Paco Reyero

Salario de columnista

Es reiterativo empezar recordando que la envidia está erradicada en el periodismo español. También se sabe que está prohibido fumar en las gasolineras y las autoridades insisten con las advertencias. Gastamos la vanidad de un trapense y apenas un salario de premio gordo. Sólo hay que encontrar el tema del día y rellenar el folio urgente, que la vida espera en el felpudo. Es entendible la reacción del columnismo, con todo el futuro del siglo XIX por delante, al entremés corrupto de Amy Martin. De Amy Martin, de su marido, del negro o de la negra, del «ghostwriter», de Caldera o del próximo artista que aparezca con alguna opinión sobre la caza de focas o el jetlag de Mariano. La reacción gremial ha estado marcada, y razones había para ello, por la frialdad, tocante con el desdén. Esta semana era entrar en los bares, chocar el codo con un colega y compadecerse: ¿sólo 3.000 euros lo de Amy? ¿Poco, no?
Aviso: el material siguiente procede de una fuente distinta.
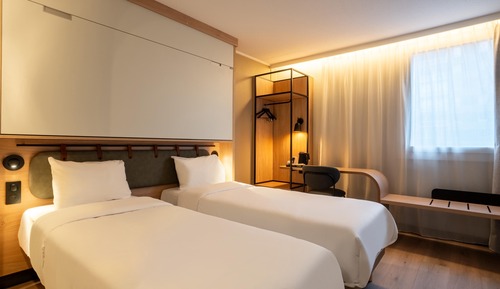 Standard Room, 1 Queen Bed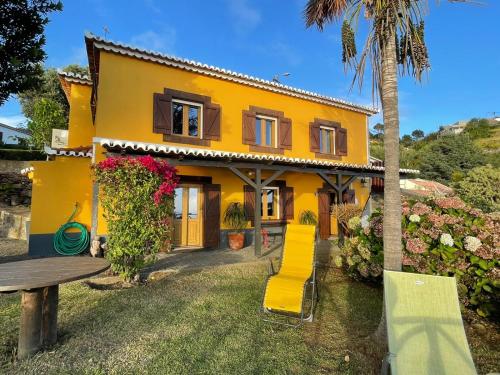 CASA DOS FALCÕES casa rural de construção tradicional — 4-Star Luxury Hotel in Faja Da Ovelha, Portugal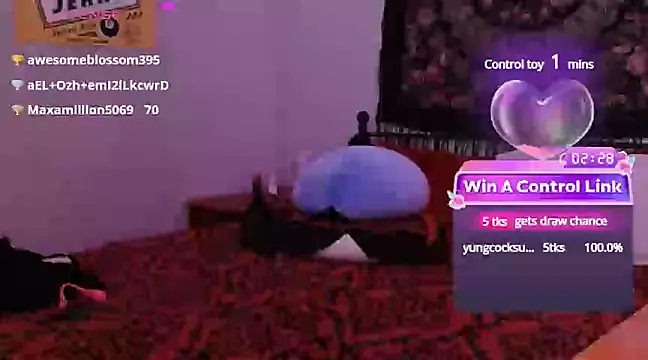 Snapshot of CherryDakota chatting on 12-08-24, 03:53 CherryDakota online show from 12-08-24, 03:53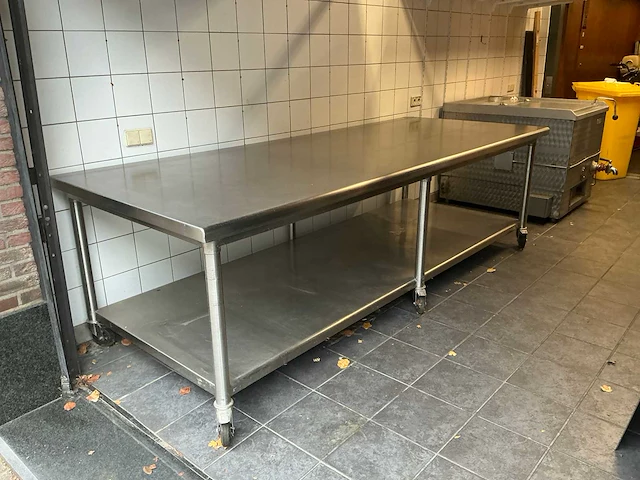 Robuuste rvs werktafel - afbeelding 1 van  5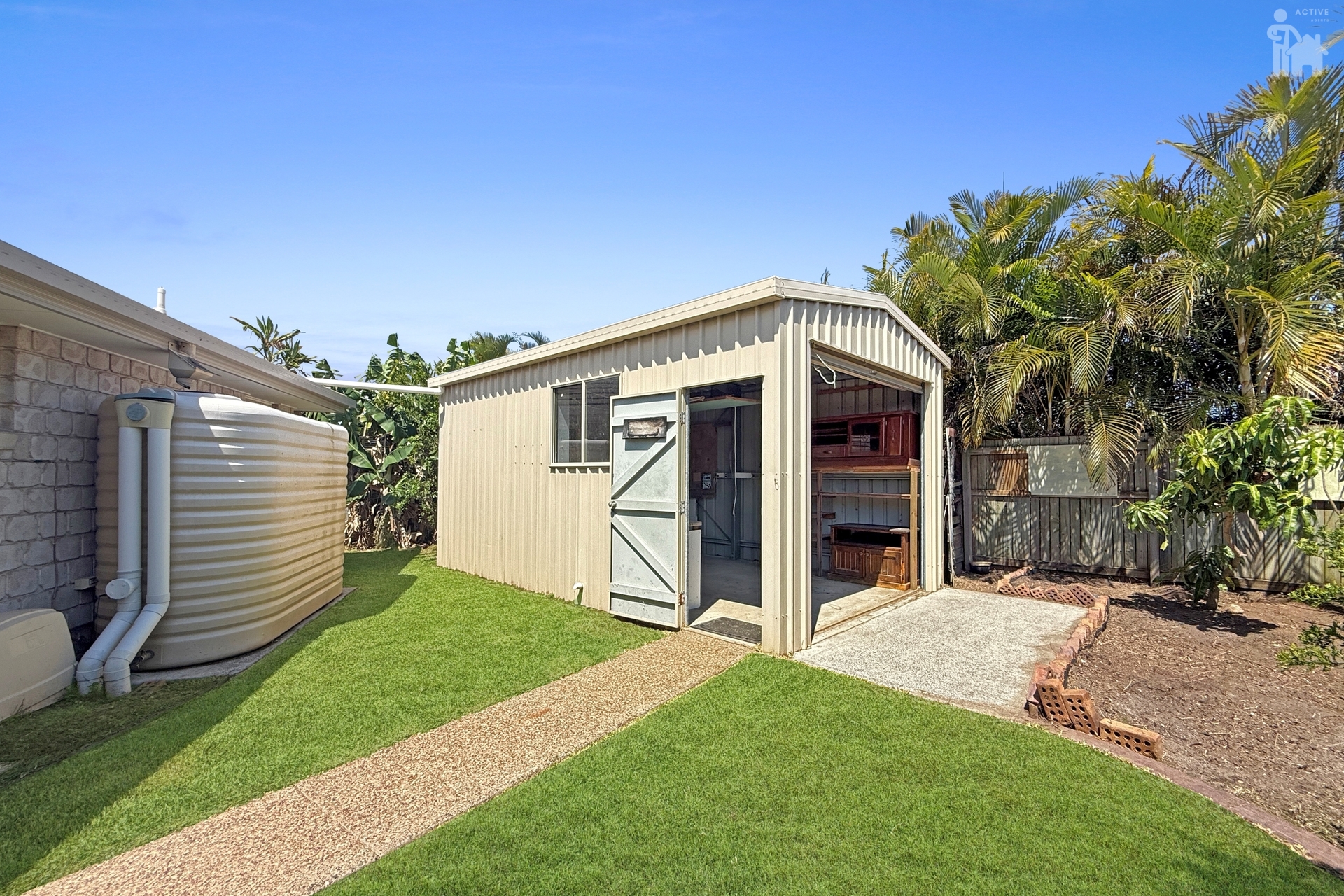 15 Whipbird Court, Urangan, QLD 4655 AUS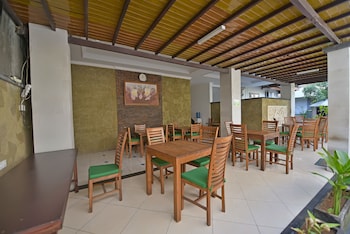 sandat hotel legian
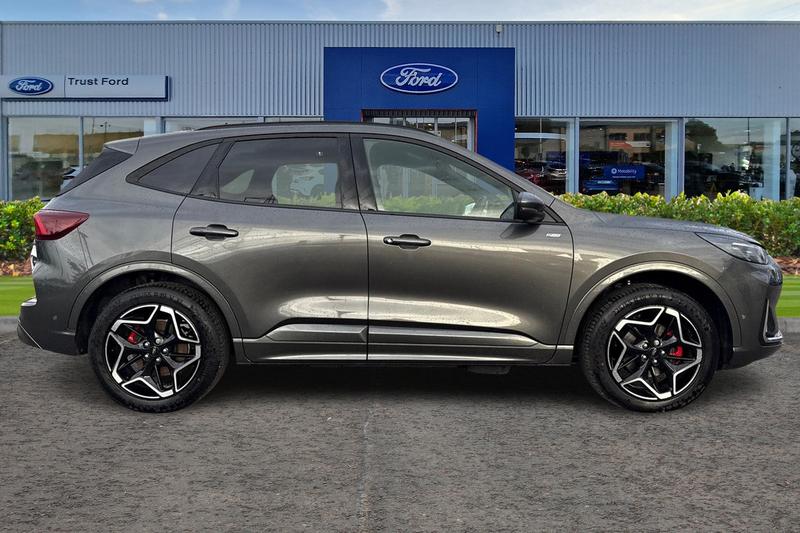 Used Ford Kuga 2024 for sale - 76452979: Photo 3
En esta zarzuela opinativa en la que nos afanamos se cobra en lingotes, aunque como Picasso cuando llegó a Barcelona, luego no se tenga para comprar la cama y se acaben pintado los muebles, y hasta el personal de servicio, en la pared. El único, que se sepa, que preguntó por el salario de los columnistas fue Amilibia, en aquella colección de maestros y opinadores de saldo que fue su libro «Atados a la columna». Interrogaba con descaro por cuánto cobraban y casi ninguno, por el pudor del éxito se entiende, decía nada. Ideas ha roto los precios. Pero milagroso será que este sangrados público sirva para colocar cepos a la prodigalidad ilegal de las fundaciones. Antes los columnistas se ponen de huelga por intrusismo, como hacen, cuando toca, los pobres guionistas de Hollywood.